> [Problem to work on]:
Produce a verbatim copy of the data below that contains no pictures.

====== Given information

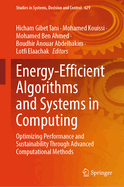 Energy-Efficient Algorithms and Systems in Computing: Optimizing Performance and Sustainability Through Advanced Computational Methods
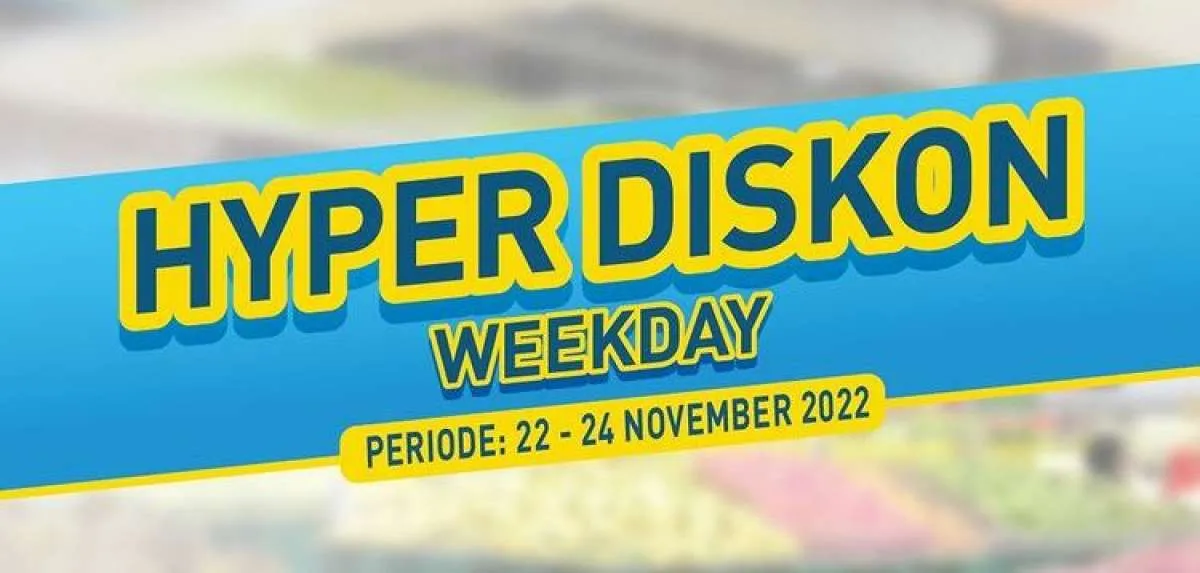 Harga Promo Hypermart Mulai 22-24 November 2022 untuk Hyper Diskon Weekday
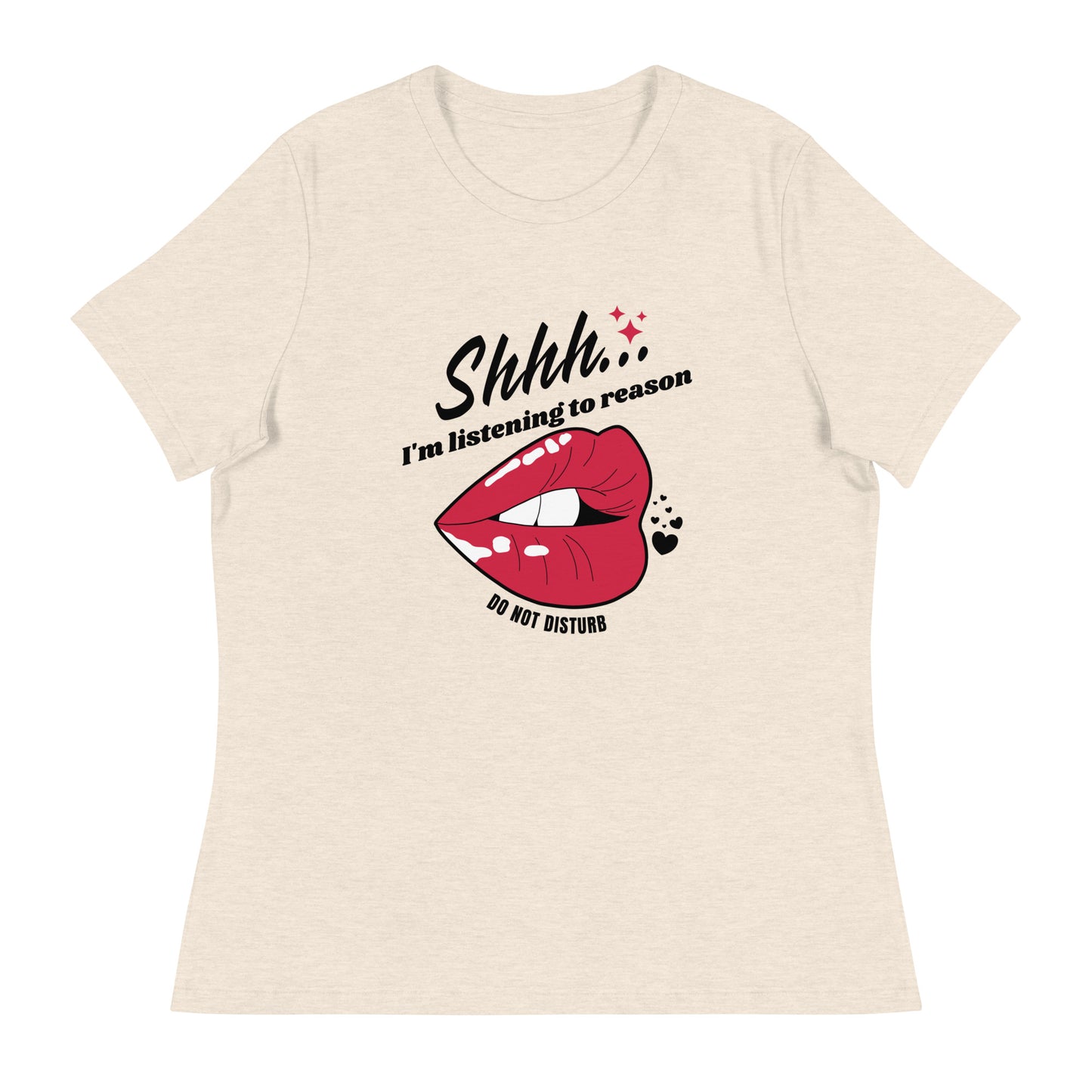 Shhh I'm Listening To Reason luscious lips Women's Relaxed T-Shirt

============

> [Written reply]:
 Energy-Efficient Algorithms and Systems in Computing: Optimizing Performance and Sustainability Through Advanced Computational Methods
 Harga Promo Hypermart Mulai 22-24 November 2022 untuk Hyper Diskon Weekday
 Shhh I'm Listening To Reason luscious lips Women's Relaxed T-Shirt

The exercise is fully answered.